A DARK, HUMID HEAT welcomes us to El Salvador. We drive north along the Pacific coast with the windows rolled down, sweating, marveling at the visceral deliciousness of a warm night.

Say "El Salvador" and many Americans still think of guerrilla warfare, but the bloodshed ended 14 years ago, and the country has been quietly rebuilding ever since. Lush and studded with volcanoes, El Salvador is the smallest country in Central America—roughly the size of Massachusetts, with a population of nearly seven million—but it has the third-largest economy. Coffee and sugar are the main agricultural exports—in our ten days there, we see hundreds of semis overloaded with sugarcane barreling along well-paved highways—although the garment-assembly industry is now bigger than both. Tourism is on the rise, with almost a million people visiting last year.

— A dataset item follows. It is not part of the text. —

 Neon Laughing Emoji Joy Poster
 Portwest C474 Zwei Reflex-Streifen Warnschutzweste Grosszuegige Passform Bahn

Ten miles north of the coastal fishing town of La Libertad, and half an hour from the capital of San Salvador, we check in to a small, inexpensive palm-thatched resort called Atami. The rooms are spartan—single beds with threadbare sheets, no A/C, few fans. What matters is that they're built on a 100-foot cliff that juts out into the sea; to either side is a protected cove and a pristine black-sand beach. The grounds high upon the bluff are like a park, featuring thick grass and coconut palm trees, a round swimming pool, and a pet monkey called Comastú. But the real attractions are the open-air gazebos along the cliff's edge, hung with hammocks where you can swing in the breeze and watch the waves.

Best of all, there's no telephone, no TV, no radio, no Internet, no newspapers. By chance, we've found ourselves in total media seclusion. It's just as well: I didn't bring my laptop and I've vowed to abstain from writing a single word while I'm here.

Our first night, it seems as though the heaviness of the tropical air flowing into our rooms has drugged us. We sleep till 10 a.m.—later than I have in years—then hit the beach.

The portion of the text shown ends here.